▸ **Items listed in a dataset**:

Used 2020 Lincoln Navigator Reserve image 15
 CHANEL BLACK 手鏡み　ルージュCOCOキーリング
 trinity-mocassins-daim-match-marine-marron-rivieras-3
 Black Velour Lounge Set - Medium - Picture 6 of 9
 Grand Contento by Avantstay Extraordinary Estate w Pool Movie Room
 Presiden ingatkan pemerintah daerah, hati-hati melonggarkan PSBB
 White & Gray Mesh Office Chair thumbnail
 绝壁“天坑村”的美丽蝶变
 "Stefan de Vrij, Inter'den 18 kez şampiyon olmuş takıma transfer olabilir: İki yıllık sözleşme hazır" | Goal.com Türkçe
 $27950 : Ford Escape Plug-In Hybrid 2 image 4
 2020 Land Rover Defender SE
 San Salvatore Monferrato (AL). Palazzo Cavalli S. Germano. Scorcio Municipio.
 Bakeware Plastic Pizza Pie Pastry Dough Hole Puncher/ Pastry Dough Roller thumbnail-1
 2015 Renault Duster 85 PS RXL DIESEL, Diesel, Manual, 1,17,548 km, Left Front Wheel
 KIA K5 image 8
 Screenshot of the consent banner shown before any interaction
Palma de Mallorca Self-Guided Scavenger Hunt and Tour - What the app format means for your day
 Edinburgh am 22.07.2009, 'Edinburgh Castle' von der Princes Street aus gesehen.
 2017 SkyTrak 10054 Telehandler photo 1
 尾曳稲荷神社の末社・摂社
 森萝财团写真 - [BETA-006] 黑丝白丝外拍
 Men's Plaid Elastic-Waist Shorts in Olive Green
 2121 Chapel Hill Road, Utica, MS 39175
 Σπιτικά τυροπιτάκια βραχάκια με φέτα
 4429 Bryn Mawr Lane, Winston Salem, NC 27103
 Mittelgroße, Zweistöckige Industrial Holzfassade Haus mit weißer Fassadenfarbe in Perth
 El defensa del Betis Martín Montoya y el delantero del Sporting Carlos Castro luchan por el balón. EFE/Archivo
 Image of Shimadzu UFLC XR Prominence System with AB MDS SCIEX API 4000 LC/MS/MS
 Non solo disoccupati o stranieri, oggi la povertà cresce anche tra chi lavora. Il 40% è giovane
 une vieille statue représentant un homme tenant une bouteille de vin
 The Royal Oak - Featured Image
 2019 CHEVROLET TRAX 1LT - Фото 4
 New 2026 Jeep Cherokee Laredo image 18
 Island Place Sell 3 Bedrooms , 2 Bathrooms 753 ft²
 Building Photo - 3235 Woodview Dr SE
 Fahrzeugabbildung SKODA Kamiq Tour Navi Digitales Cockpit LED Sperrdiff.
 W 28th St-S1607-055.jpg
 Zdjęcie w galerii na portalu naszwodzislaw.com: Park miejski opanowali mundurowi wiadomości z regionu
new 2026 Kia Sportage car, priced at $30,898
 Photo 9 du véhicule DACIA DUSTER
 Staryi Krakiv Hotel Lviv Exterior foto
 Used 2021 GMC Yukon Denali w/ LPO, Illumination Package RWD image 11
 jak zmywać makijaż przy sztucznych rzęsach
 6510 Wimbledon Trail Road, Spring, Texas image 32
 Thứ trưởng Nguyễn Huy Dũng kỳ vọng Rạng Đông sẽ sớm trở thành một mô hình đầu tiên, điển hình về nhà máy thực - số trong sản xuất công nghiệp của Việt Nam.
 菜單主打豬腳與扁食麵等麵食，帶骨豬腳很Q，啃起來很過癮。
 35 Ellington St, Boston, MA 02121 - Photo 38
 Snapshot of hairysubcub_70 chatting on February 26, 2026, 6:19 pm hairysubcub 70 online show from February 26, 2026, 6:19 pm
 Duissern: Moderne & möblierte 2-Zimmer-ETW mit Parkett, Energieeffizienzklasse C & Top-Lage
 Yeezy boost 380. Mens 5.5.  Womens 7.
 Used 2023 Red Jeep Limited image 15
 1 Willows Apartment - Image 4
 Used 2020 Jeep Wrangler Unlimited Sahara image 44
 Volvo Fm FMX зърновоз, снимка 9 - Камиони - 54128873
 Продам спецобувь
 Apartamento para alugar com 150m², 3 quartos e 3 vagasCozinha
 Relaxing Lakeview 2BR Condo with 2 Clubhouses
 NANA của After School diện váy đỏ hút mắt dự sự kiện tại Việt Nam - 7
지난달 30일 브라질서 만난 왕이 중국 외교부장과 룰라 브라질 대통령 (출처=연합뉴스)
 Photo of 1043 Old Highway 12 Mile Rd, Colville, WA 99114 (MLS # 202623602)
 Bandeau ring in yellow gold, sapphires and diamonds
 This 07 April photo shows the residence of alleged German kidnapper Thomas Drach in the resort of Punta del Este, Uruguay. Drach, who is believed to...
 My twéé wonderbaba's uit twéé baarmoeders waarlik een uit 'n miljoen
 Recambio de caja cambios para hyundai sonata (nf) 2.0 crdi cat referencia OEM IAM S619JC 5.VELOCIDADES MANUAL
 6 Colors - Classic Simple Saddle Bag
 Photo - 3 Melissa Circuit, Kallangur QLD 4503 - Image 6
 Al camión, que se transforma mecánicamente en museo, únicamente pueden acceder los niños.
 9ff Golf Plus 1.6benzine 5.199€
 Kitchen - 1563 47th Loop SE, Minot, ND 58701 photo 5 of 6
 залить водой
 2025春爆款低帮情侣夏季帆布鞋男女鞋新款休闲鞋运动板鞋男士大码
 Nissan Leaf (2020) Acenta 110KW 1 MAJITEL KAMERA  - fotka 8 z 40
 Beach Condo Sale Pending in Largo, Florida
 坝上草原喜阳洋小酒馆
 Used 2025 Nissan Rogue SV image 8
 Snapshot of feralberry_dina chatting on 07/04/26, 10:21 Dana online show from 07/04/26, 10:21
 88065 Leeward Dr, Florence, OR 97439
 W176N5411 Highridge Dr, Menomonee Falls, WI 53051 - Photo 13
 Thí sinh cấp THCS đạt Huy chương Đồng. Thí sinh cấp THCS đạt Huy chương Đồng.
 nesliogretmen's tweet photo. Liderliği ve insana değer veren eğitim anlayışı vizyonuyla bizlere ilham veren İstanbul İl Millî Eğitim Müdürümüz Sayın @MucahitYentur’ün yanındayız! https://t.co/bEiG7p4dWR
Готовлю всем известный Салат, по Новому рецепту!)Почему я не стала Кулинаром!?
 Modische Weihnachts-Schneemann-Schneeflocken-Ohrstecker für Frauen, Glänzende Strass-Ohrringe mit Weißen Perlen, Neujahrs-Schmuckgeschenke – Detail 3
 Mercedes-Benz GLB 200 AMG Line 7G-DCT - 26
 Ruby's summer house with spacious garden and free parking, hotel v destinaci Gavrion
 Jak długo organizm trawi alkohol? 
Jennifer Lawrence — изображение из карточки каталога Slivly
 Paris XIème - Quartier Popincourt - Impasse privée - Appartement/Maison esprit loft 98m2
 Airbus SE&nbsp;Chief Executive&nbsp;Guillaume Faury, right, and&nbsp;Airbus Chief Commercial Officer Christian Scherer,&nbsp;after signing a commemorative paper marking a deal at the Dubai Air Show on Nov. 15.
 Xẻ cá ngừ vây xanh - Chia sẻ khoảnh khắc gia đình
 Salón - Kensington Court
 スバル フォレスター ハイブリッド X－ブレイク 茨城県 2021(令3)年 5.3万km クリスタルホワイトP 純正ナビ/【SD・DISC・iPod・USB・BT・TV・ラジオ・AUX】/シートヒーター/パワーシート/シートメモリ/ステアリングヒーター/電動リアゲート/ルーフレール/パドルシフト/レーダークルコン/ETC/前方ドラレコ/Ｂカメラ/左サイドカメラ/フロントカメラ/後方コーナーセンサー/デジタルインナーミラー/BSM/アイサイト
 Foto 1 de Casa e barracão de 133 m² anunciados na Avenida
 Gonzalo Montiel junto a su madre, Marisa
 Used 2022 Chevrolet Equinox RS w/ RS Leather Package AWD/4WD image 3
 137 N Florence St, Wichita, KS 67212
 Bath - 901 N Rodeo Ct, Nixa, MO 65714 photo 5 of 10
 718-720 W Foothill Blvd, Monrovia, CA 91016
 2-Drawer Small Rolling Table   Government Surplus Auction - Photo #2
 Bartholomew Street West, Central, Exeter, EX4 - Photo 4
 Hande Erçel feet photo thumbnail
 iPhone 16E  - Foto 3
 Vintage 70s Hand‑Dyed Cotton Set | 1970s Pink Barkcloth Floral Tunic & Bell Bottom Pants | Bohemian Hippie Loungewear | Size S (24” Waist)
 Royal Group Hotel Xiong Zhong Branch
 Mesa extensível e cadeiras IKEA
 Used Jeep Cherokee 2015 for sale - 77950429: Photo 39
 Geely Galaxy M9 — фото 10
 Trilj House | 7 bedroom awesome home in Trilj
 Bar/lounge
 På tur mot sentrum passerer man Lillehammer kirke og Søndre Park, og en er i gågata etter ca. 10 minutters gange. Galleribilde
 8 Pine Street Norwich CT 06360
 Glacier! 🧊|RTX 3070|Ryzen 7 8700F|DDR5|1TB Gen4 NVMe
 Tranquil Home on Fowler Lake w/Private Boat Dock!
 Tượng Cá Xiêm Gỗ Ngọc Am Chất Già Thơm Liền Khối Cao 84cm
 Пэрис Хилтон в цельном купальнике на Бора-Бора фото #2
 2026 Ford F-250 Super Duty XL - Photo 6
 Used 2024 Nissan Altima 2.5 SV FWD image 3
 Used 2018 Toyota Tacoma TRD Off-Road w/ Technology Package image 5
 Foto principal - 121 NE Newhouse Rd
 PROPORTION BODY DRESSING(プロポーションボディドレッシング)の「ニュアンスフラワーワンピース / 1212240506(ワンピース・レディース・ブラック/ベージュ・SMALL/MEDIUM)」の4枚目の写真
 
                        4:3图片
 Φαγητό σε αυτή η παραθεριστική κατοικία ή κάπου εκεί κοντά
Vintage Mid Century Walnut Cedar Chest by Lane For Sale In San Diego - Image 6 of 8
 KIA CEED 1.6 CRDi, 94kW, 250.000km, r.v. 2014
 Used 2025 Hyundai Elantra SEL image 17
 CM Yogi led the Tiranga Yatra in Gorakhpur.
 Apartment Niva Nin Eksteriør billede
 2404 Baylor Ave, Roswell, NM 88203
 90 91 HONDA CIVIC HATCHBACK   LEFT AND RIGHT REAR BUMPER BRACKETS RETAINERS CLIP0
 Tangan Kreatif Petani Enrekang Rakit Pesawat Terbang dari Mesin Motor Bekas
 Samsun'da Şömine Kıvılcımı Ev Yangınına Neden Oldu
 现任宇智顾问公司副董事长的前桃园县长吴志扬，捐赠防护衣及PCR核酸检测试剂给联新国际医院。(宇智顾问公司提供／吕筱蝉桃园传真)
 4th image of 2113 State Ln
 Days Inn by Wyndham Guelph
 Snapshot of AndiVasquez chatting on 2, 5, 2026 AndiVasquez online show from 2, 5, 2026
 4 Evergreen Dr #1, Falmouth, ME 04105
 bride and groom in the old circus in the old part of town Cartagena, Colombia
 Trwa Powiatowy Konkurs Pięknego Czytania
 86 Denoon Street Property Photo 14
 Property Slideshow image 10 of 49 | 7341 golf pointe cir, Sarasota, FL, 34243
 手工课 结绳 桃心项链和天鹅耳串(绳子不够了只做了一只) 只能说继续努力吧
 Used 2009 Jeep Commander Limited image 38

▸ **EXERCISE PROMPT**: Collect the lines of the data that carry the word "Road".

▸ **RESPONSE TO THE TASK**:
 2121 Chapel Hill Road, Utica, MS 39175
 6510 Wimbledon Trail Road, Spring, Texas image 32
 Used 2018 Toyota Tacoma TRD Off-Road w/ Technology Package image 5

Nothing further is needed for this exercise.